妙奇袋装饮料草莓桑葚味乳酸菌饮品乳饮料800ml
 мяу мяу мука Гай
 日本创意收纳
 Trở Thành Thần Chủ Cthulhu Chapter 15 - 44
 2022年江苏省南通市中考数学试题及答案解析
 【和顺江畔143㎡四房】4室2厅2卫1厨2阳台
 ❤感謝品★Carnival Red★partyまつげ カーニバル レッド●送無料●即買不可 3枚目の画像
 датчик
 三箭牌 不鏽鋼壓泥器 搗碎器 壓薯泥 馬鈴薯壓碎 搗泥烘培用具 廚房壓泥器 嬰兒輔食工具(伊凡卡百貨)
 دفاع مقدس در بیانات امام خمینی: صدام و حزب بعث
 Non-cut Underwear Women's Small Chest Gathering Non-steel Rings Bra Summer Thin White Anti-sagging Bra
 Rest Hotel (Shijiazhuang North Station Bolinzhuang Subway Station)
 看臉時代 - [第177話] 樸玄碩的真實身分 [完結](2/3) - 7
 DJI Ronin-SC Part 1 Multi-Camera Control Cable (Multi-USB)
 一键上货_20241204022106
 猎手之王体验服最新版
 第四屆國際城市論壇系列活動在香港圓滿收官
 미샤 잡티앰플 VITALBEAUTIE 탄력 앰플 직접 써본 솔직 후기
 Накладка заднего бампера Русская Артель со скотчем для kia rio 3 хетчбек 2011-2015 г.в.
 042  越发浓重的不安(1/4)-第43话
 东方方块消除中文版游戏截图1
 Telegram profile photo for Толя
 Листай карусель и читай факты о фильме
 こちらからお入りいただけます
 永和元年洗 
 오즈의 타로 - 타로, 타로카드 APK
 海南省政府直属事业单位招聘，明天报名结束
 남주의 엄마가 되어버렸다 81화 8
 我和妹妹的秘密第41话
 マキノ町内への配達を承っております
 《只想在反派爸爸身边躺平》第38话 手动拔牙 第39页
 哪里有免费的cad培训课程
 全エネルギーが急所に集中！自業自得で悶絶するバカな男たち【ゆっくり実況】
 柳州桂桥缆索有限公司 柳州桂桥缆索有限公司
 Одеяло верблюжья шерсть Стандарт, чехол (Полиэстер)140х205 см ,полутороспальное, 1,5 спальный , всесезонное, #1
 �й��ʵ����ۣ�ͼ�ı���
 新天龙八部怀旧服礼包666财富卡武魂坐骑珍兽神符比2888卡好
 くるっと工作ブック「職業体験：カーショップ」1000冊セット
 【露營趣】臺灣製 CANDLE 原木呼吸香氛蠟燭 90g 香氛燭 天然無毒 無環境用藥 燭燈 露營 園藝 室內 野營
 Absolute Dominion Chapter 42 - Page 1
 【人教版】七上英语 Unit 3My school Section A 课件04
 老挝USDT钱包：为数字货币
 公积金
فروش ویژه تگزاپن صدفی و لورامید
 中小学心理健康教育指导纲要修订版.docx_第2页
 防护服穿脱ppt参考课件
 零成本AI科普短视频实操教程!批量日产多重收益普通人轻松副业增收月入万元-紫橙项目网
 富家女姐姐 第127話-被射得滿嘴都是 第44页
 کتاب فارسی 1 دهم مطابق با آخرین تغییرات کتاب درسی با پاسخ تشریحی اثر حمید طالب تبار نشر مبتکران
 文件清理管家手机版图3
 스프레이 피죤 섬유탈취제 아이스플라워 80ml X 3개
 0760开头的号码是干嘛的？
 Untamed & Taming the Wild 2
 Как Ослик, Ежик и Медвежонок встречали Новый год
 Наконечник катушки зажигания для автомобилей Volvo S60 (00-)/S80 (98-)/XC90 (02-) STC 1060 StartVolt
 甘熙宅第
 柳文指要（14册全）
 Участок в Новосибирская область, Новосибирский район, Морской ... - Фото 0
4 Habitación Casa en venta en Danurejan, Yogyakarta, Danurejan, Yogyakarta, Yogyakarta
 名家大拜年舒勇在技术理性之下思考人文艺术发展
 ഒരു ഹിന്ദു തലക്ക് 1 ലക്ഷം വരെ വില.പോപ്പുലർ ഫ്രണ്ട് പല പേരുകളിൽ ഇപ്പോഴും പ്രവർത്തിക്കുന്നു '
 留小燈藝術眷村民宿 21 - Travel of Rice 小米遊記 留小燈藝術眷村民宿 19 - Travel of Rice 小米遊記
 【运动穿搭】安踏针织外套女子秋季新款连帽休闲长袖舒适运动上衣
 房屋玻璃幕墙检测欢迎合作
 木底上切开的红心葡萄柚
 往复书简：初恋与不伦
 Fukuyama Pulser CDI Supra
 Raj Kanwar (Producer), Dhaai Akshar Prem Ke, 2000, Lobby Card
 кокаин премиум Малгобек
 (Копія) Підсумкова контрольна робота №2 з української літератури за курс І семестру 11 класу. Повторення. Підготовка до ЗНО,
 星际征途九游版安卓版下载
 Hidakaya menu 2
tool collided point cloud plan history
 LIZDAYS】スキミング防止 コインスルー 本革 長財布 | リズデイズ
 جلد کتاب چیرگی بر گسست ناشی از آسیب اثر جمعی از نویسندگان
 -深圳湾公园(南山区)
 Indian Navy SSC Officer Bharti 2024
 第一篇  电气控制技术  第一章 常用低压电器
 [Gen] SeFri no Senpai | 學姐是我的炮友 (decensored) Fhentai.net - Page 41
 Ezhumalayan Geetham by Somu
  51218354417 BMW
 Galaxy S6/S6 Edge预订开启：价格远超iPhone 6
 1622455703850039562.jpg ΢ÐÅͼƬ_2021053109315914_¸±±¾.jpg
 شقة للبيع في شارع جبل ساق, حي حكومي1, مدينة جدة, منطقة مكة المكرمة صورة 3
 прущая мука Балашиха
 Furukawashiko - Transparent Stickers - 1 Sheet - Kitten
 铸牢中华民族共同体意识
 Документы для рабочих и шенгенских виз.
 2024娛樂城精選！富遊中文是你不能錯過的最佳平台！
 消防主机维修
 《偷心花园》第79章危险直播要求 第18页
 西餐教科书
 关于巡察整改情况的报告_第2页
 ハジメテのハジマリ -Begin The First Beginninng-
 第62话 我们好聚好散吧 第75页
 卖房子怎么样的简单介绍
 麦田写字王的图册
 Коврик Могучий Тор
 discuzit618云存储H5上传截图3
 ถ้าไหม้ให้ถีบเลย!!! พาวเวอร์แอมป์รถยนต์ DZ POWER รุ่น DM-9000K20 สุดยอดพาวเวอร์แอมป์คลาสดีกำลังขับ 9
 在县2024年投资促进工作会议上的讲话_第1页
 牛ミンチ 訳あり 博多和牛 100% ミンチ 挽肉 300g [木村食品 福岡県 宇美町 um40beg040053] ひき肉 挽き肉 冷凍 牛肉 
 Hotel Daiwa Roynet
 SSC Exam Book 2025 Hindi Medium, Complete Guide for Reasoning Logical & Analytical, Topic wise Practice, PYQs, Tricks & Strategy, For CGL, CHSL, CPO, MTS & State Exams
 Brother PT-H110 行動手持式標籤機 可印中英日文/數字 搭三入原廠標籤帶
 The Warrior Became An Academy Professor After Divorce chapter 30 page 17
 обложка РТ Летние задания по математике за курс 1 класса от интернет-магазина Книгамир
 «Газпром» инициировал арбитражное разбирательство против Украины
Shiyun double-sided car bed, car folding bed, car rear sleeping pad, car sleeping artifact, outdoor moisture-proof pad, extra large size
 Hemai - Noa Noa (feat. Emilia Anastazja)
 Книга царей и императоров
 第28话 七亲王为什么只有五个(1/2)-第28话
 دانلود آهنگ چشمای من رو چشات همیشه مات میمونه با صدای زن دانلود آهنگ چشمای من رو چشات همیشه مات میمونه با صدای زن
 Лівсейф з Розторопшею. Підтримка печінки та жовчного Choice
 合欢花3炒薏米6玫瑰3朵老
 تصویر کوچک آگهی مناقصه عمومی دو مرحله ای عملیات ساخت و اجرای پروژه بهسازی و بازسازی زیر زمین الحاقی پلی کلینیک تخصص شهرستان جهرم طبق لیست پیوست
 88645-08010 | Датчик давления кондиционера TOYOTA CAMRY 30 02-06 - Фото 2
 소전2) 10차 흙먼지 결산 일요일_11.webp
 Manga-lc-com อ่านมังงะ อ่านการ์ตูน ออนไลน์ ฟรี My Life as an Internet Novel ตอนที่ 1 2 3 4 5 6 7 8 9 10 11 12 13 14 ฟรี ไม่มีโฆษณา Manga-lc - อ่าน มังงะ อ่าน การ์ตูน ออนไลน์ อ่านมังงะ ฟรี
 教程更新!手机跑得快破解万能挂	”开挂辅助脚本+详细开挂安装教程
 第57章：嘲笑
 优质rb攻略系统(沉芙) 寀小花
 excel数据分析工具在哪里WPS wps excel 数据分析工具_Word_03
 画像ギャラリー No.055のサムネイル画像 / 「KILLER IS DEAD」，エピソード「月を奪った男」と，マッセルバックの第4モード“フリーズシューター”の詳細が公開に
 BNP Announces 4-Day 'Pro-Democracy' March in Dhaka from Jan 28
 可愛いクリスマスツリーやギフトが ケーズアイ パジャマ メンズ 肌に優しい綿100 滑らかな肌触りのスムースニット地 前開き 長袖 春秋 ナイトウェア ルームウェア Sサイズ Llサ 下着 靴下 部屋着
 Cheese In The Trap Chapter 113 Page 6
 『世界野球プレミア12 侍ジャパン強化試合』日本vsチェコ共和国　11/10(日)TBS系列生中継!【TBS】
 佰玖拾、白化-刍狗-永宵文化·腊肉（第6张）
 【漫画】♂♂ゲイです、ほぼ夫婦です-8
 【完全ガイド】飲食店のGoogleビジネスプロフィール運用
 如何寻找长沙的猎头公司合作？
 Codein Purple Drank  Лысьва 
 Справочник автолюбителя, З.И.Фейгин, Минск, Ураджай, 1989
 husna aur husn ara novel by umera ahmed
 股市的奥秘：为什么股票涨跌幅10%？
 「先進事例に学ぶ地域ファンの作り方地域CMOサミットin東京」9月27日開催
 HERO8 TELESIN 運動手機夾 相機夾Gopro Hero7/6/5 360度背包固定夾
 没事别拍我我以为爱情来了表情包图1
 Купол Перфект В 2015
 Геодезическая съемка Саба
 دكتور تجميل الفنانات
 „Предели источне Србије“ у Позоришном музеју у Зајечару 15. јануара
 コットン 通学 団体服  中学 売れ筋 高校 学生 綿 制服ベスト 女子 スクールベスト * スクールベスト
^^^^^^^^
EXERCISE => Everything from the first line above up to and including the line that contains "دفاع مقدس در" should be printed exactly; please print only that.

ANSWER BOX =>
妙奇袋装饮料草莓桑葚味乳酸菌饮品乳饮料800ml
 мяу мяу мука Гай
 日本创意收纳
 Trở Thành Thần Chủ Cthulhu Chapter 15 - 44
 2022年江苏省南通市中考数学试题及答案解析
 【和顺江畔143㎡四房】4室2厅2卫1厨2阳台
 ❤感謝品★Carnival Red★partyまつげ カーニバル レッド●送無料●即買不可 3枚目の画像
 датчик
 三箭牌 不鏽鋼壓泥器 搗碎器 壓薯泥 馬鈴薯壓碎 搗泥烘培用具 廚房壓泥器 嬰兒輔食工具(伊凡卡百貨)
 دفاع مقدس در بیانات امام خمینی: صدام و حزب بعث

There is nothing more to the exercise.